**Task prompt**
Restate word for word the entries below, starting with the line with "Oak Grove Manufactured" and continuing through the line with "Inversor Red Autoconsumo". Include both of those lines and no others.
___ Data provided
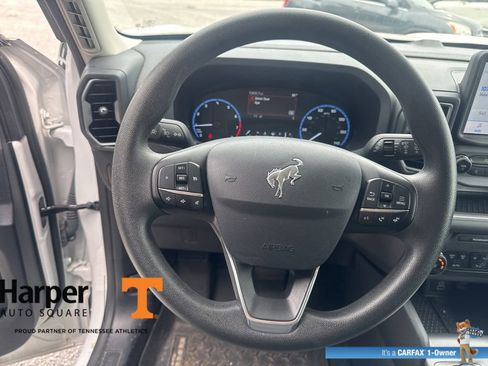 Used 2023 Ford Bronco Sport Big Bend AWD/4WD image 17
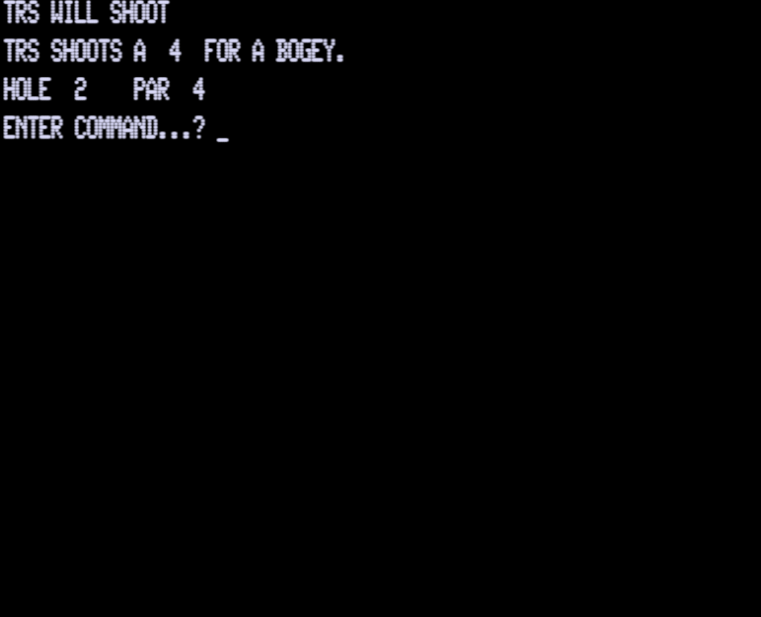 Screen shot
______
___ Data provided
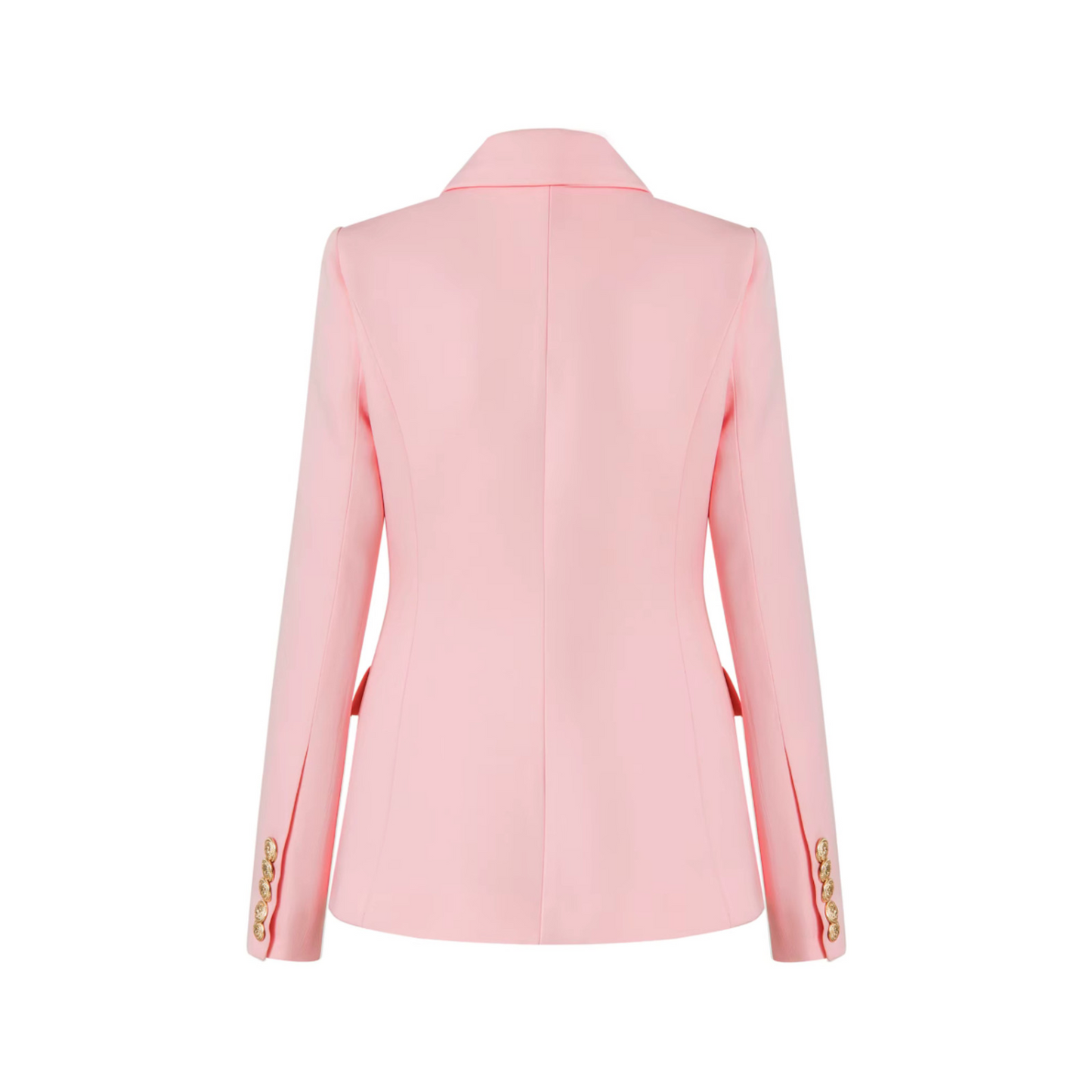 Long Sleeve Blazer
______
___ Data provided
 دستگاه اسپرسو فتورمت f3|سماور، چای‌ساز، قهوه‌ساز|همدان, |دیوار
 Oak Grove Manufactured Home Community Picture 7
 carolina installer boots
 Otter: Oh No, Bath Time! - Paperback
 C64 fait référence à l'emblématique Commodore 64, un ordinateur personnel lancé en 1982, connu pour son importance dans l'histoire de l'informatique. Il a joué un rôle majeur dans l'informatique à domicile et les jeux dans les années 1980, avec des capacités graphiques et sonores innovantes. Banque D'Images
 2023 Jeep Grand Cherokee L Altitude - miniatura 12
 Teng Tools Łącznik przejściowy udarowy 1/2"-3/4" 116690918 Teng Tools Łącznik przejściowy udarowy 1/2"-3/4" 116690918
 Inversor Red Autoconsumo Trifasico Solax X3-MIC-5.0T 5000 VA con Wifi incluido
______
**Answer box**
 Oak Grove Manufactured Home Community Picture 7
 carolina installer boots
 Otter: Oh No, Bath Time! - Paperback
 C64 fait référence à l'emblématique Commodore 64, un ordinateur personnel lancé en 1982, connu pour son importance dans l'histoire de l'informatique. Il a joué un rôle majeur dans l'informatique à domicile et les jeux dans les années 1980, avec des capacités graphiques et sonores innovantes. Banque D'Images
 2023 Jeep Grand Cherokee L Altitude - miniatura 12
 Teng Tools Łącznik przejściowy udarowy 1/2"-3/4" 116690918 Teng Tools Łącznik przejściowy udarowy 1/2"-3/4" 116690918
 Inversor Red Autoconsumo Trifasico Solax X3-MIC-5.0T 5000 VA con Wifi incluido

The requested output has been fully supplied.